First, you need to know there are 5 types of reverbs and they depend on the size and shape of the room that the sound echoes in, these reverbs are: Room, Hall, Plate, Spring, and Chamber.
This 5 types of reverbs are divided by 2 kinds, the early reflections which are the sounds that arrive at the listener after being reflected maybe once or twice from parts of listening space, such as walls, ceilings and floor and the late reflections which are essentially every other sound we hear after the primary reflection.
The most basic type of reverb is the room, both the room reverb and the hall reverb are designed to simulate the natural sound of acoustic spaces, but the difference between them is the decay time, typically the room reverb is around .2 to 1 second.
Similar to the room reverb because both simulate the natural sound of acoustic spaces, but as I mentioned before their decay time its whats sets them apart, the decay time of the hall reverb is from 1 to 5 seconds, which give your sound a huge feel.

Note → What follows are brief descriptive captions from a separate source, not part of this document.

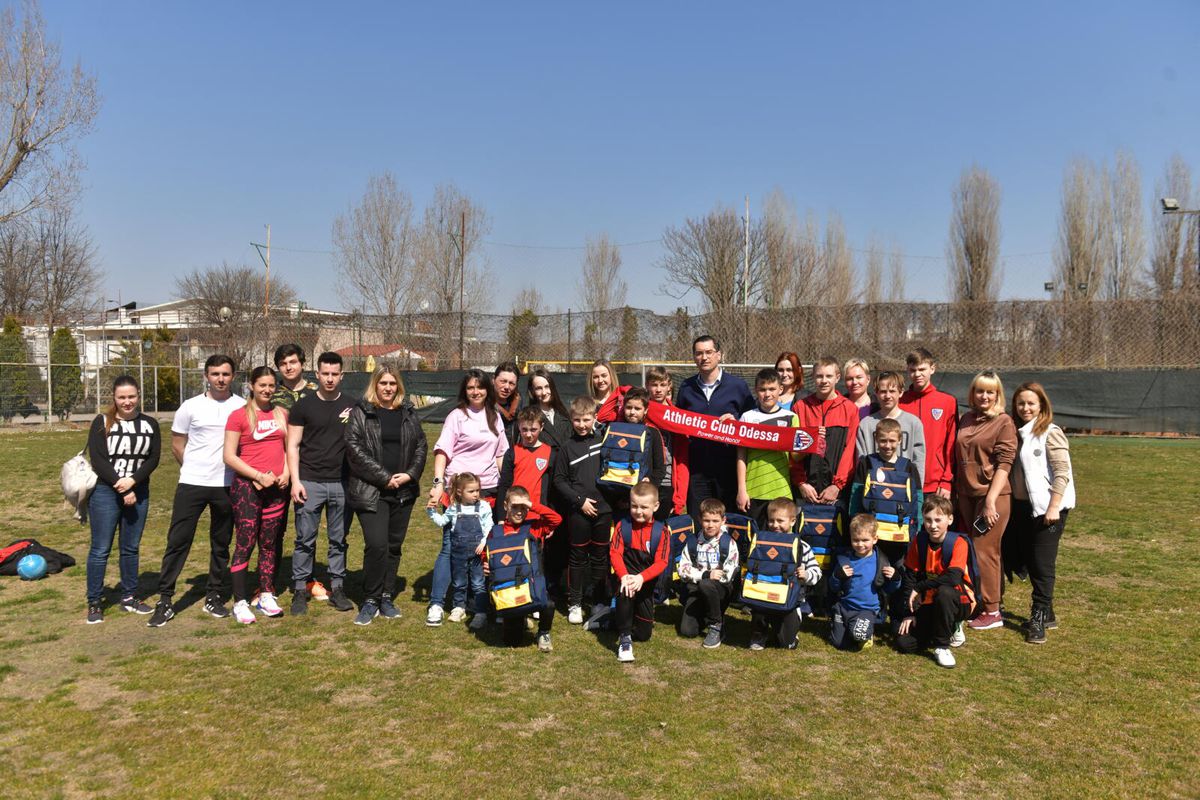 FRF, cadouri pentru copiii refugiați din Odesa » Puștii au primit bilete la amicalul România - Grecia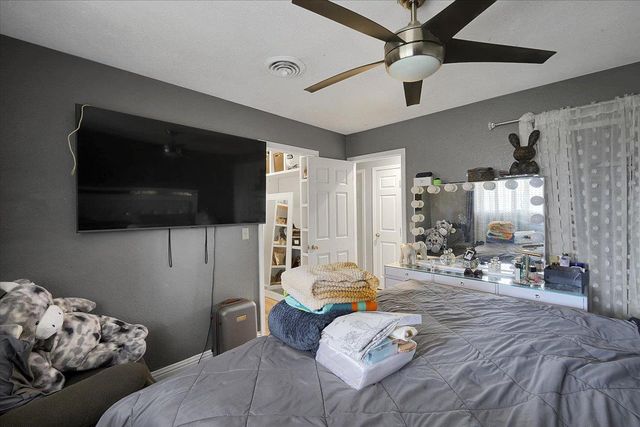 5270 Aspen Way, Olivehurst, CA 95961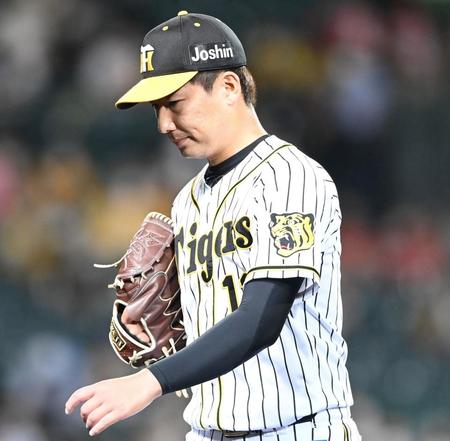 　８回、勝ち越しを許し厳しい表情でベンチへ戻る岩崎（撮影・飯室逸平）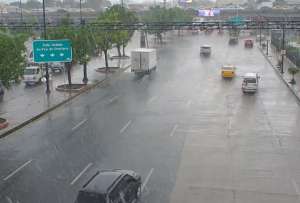 La tarde de este jueves, las lluvias continúan en varios sectores de Guayaquil. 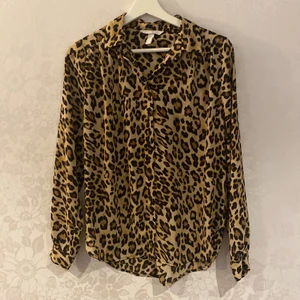 Blus från H&M strl 36 - Leopardmönstrad blus ifrån H&M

Plate reverbs were one of the first types of artificial reverbs used in recording, the plate reverb is the broadband resonance generated by vibrating a large metal sheet, the vibrations generated through this process are what creates the reverb.
Just as the Plate reverb this one is also man-made, the spring reverb is the broadband resonance generated by vibrating one or more metal coils held under tension, what this means basically is that it has a bouncy quality to it, due to the timing between echoes.
This reverb uses a loudspeaker that plays the sound in a room with a very reflective surface and then a microphone would pick it up again, including the effects of reverb.